Eliminate slow function
If slow query can be tricked by adding indexes to database or putting cache before querying, a slow function can be tricked by using better algorithm and seek other better way.
By reading the Golang profiling we knew which slow function to be improved. From the sample profiling, we figured out that a function with RegEx invocation took a toll to CPU. Improving this function can be tricky, either we improve it a bit but still use RegEx or use some other way that has same result.
Either way, a code benchmark is necessary, especially if the designed function will be invoked with a huge amount. Guess what, benchmark feature was ready to use in Golang!
By doing benchmark, we could identify that an revamp function is better or worse from it original. As for example, we could see that from the result, the revamp function is much faster on shorter sentence while much slower on longer sentence. So, the revamp function is cannot be said as better, just partially better since a long sentence is rarely found in Discussion Feature.
Proxy Cache on Web Server
By learning how user behave in using Discussion Feature, we could manage a better solution to fulfill their needs. We will reflect on behavior of Apps User as an example.
It is no wonder that Apps is source of the most of Tokopedia traffic. Since most user will access PDP to check on things they will buy, naturally the Talk request mostly coming from PDP Talk.

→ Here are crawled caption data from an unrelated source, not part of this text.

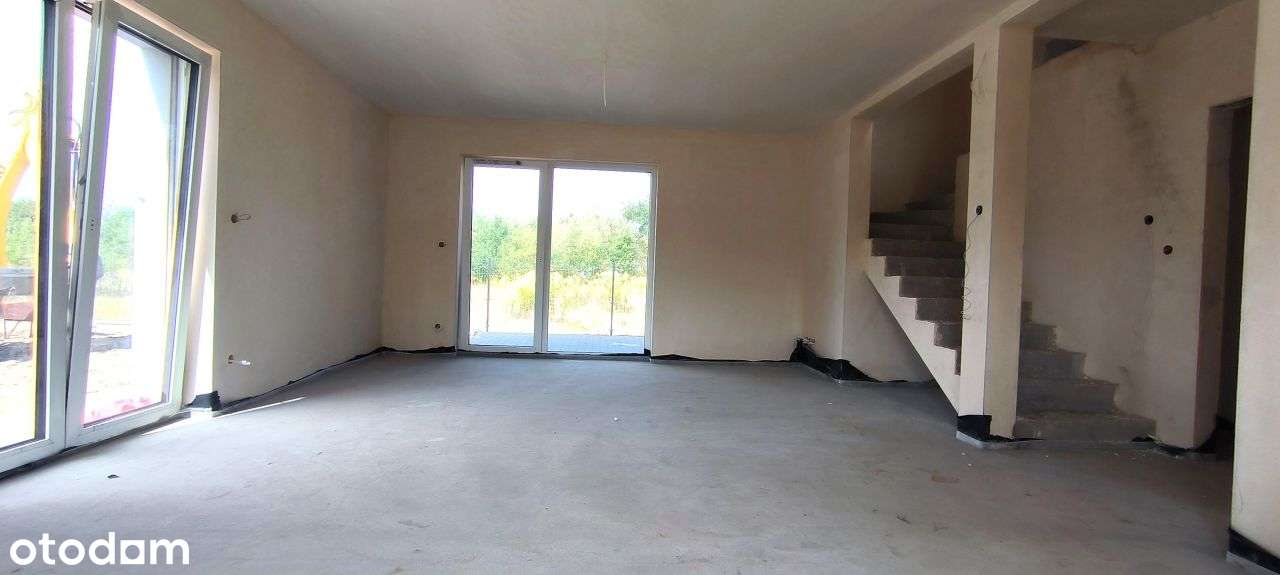 Nowy Bliźniak ok.128m2. Zielona Okolica - Pełny obrazek: 4/9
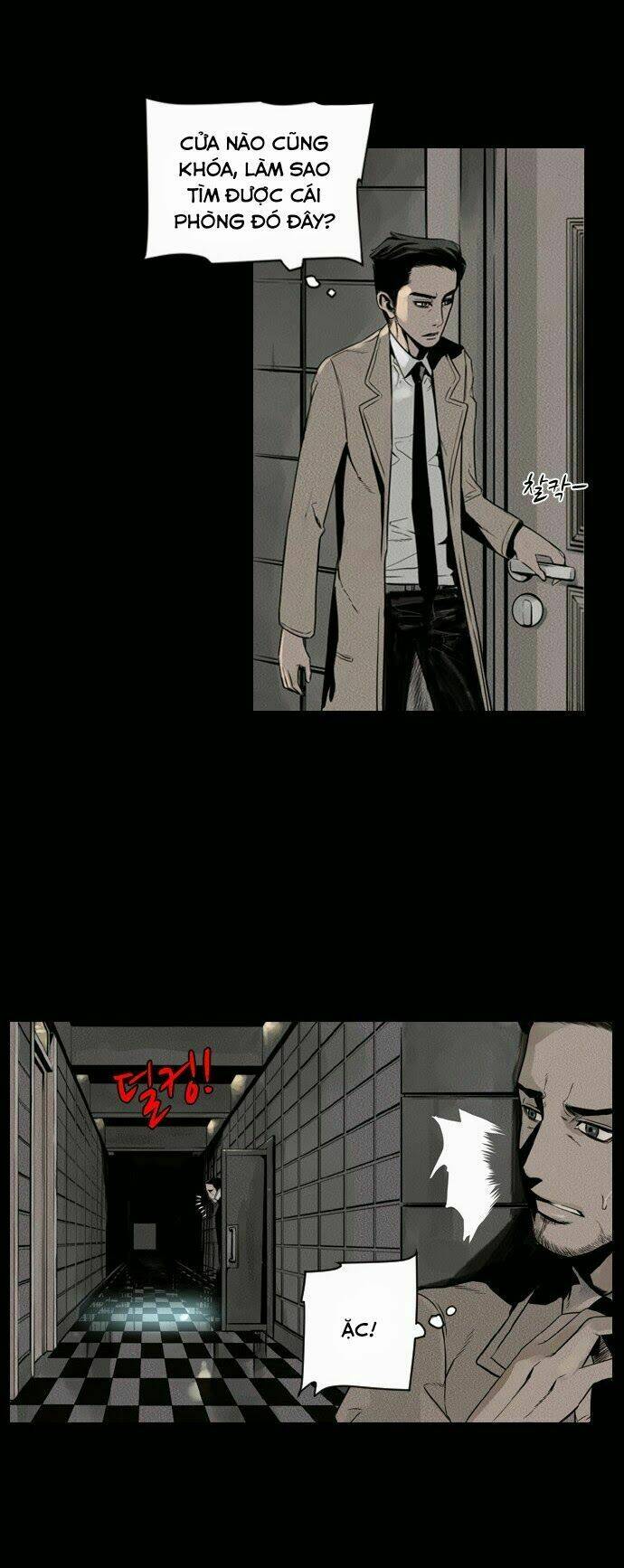 những xác chết hồi sinh từ đại dương chapter 19 27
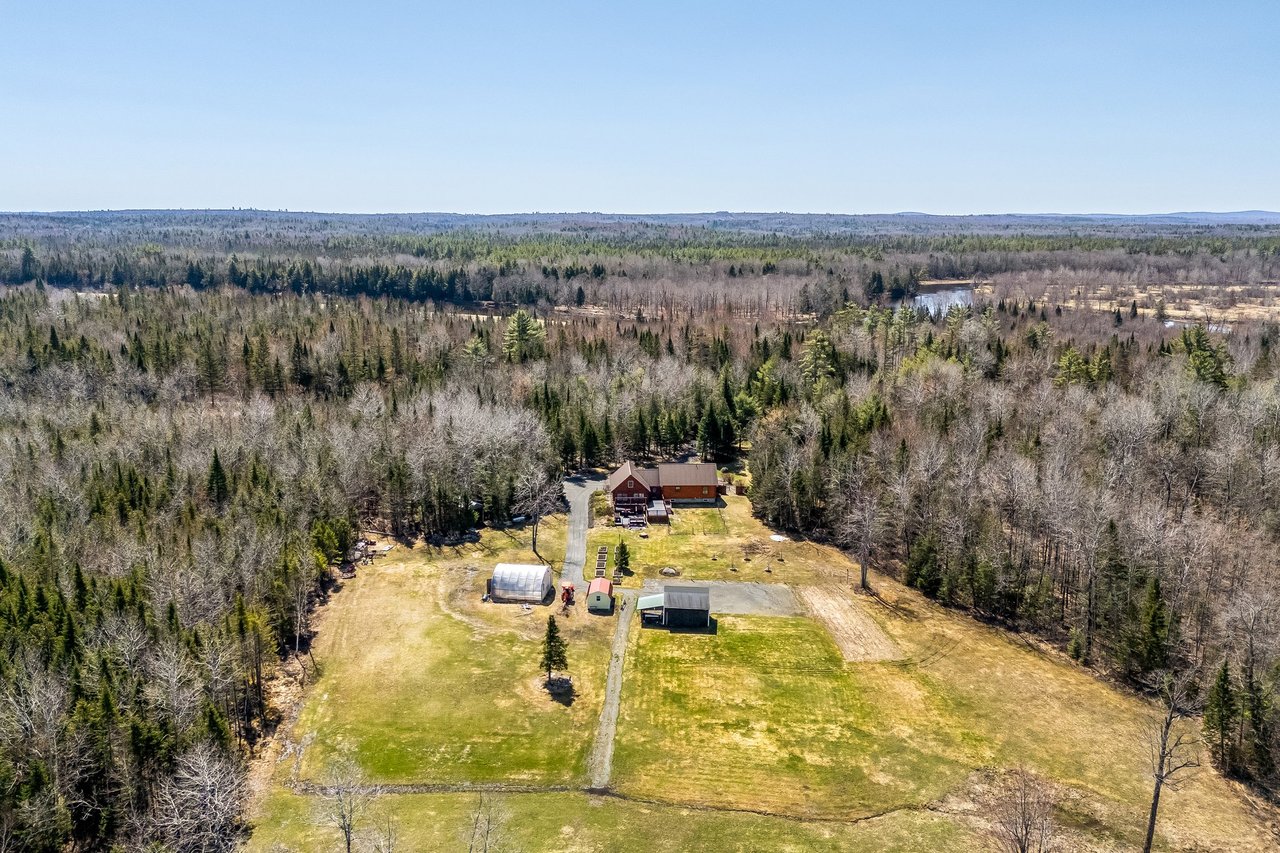 291 River Road Milo, ME 04463-1603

We also learn that some request in Discussion Feature was just request on same API and returning same response nearly every time. By knowing so, we implement Proxy Cache on that API, make that request would not even reach our service. Thus, the service will not doing anything for a time being if the similar request made. For backup, we had an cache prepared in if the proxy cache has expired. Further about NGINX Cache can be found here: https://www.nginx.com/blog/nginx-caching-guide/
Less but Powerful Server, is Better
There was one time we had 16 servers run at the same time. We had a problem in maintain the load balance. Some of the server have higher load than the rest. Instead of try to solve the balance of 16 servers, we upgrade 4 of the servers to represent 16 servers. So instead of having for example 16 servers with 1 Core 1 GB RAM, we had 4 servers with 4 Core 8 GB RAM.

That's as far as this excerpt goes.